Blog | Thursday, January 14, 2016

Orange is the new nudge


A few years ago, I read the book Nudge, and ever since I've been fascinated by the concept. A nudge is a stimulus that leads to a desired behavior but doesn't force it. For example, in school cafeterias placing fruit at eye level results in more fruit consumption. No one is forced to eat more fruit and potato chips aren't banned, but more fruit gets eaten. Another example is painting horizontal lines on highways, which causes drivers to slow down. So, the million dollar question for hospital epidemiologists is: how can we nudge health care workers to wash their hands?

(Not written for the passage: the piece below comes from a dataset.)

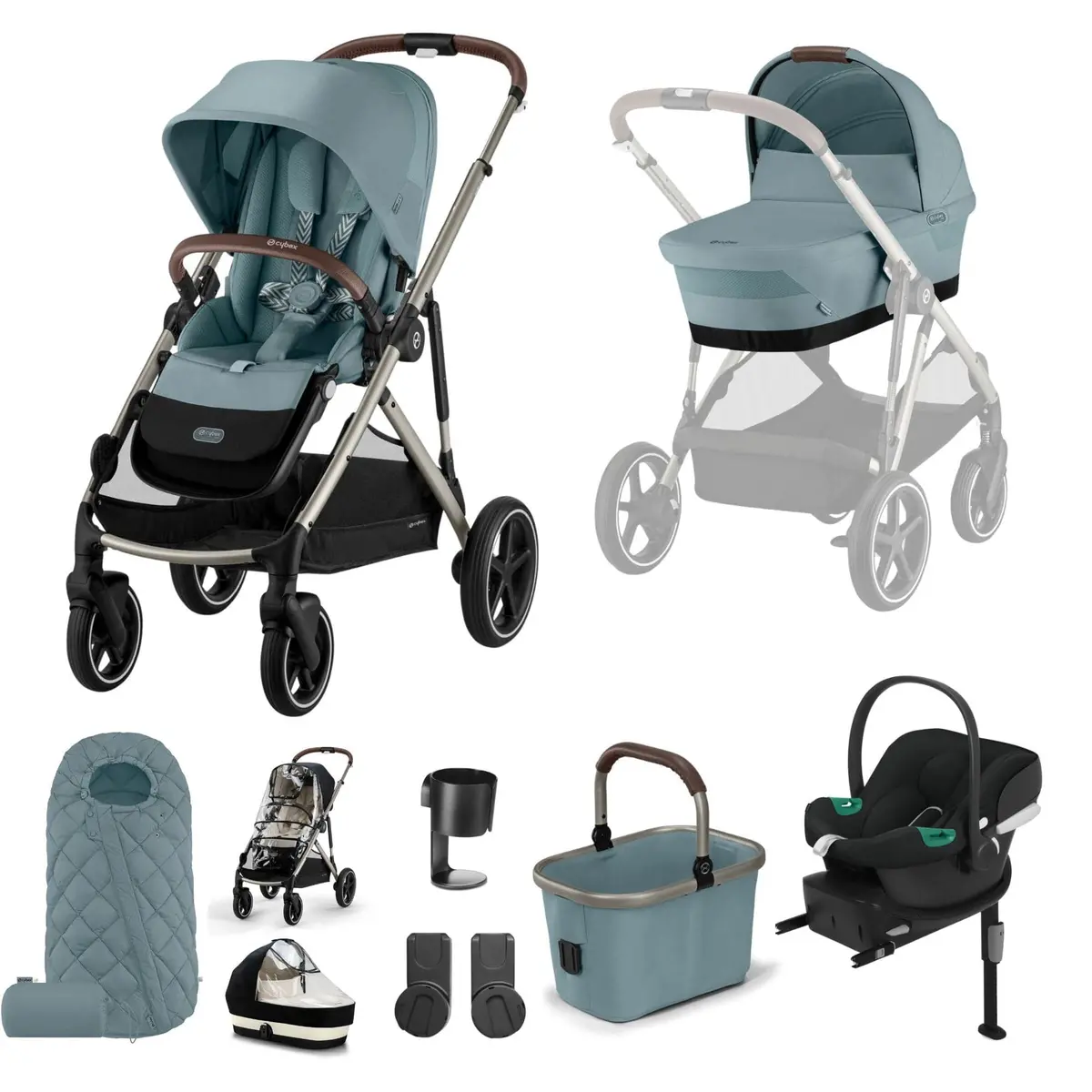 Cybex Gazelle S Comfort Bundle - Taupe/Stormy Blue 1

There's a very interesting paper in Health Psychology that attempts to identify hand hygiene nudges (free full text here). At the University of Miami, investigators randomized approximately 400 health care workers and visitors at the entrance to an ICU into 3 groups: a control group that received no stimulus, a group that was given an olfactory stimulus (citrus smell dispersed by an aroma dispenser), and a group given a visual stimulus (a photograph of eyes placed above the alcohol gel dispenser). The last group was subdivided: for some the photo was middle age male eyes and for others the photo was female eyes.

Hand hygiene in the control group (no stimulus) was 15%. Those who received the olfactory stimulus had a hand hygiene compliance of 47% (P=0.0001). The photo of female eyes was associated with a compliance of 10% (P=0.626), and male eyes, 33% (P=0.038). So, a photo of male eyes above the alcohol gel dispenser doubled hand hygiene compliance and citrus smell tripled it.

The same investigators in a previous study showed that citrus scent was associated with significantly higher rates of hand hygiene compliance when medical students and interns examined standardized patients in a simulation center.

Start slicing the oranges!

Michael B. Edmond, MD, FACP, is a hospital epidemiologist in Iowa City, IA, with a focus on improving the quality and safety of health care, and sees patients in the inpatient and outpatient settings. This post originally appeared at the blog Controversies in Hospital Infection Prevention.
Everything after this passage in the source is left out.